Pierre Chanoux (1828 - 9 February 1909) was a Benedictine monk in charge of a mountain convent and hospice. He was an amateur botanist who started a garden of alpine plants, still maintained as the Chanousia Alpine Botanical Garden located at 2170 meters altitude near Mont Blanc, at the Little St Bernard Pass in France, but maintained by the frontier Italian commune of La Thuile (Aosta Valley).

==Biography==
Pierre was born in Champorcher, in the Aosta Valley, to a poor family of shepherds. In 1845, he began studies in Aosta, soon joining the seminary and ordained in 1855. He entered the Order of Saints Maurice and Lazarus, which included a religious, previously militant, but later Benedictine order linked to the House of Savoy, and was initially assigned to Valgrisenche until 1859. By 1860 he was named rector of the hospice of Little St Bernard. There he would erect structures aimed at popularizing the zone and hospice. He made payment for stays voluntary. He added a small astronomic observatory, and collected archeologic and geologic items from the area. But his links to the botanist Lino Vaccari (1873 – 1951), aided his interest in botanical collection and cultivation, in part seeking to increase the ability of these regions to serve agriculture.

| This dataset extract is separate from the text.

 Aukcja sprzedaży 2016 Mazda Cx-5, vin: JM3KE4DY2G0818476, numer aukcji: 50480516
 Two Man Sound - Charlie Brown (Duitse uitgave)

He also had a Franciscan urging to protect local fauna. He received funds for his Chanousia Alpine Botanical Garden (founded in 1897) from his religious order and the Ministry of Agriculture. In the last years of his life, he was accused by authorities of fostering illegal smuggling across the frontier. After Chanoux's death, it was directed by Vaccari, who edited some of Chanoux's manuscripts. However, the wars of the twentieth century were not helpful for the garden or hospice.

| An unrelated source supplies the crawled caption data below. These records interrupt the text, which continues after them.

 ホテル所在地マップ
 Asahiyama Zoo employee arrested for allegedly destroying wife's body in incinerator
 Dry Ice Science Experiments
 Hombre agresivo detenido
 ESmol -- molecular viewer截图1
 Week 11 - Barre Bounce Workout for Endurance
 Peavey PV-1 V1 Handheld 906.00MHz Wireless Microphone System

==Hospice at Little Saint Bernard==
A hospice on the Italian side of the border, located at 2200 meters above sea level, had been erected at this pass in the 11th century by Bernard of Menthon, later canonized. On the French side of the border are ruins of an Ancient Roman mansio or putative mansion are located just north of the border. South along D1090 is the botanical garden and a small funerary chapel and monument dedicated to Chanoux. The convent, based on the passage now known of Little St Bernard, included a hospice that ministered to pilgrims travelling mainly to Rome. Originally autonomous, the hospice was assigned to the order of the Chamoines (Abbey of Saint-Maurice d'Agaune) in 1466, and by the 19th century to the Order of Saints Maurice and Lazarus. During the Second World War, the hospice was partially destroyed, it was forced to close. It was restored in 1993 with funds and work from religious, community, and public groups from France and Italy. Since 2014, the building again began providing food and lodging, mostly to individuals trekking through the alps.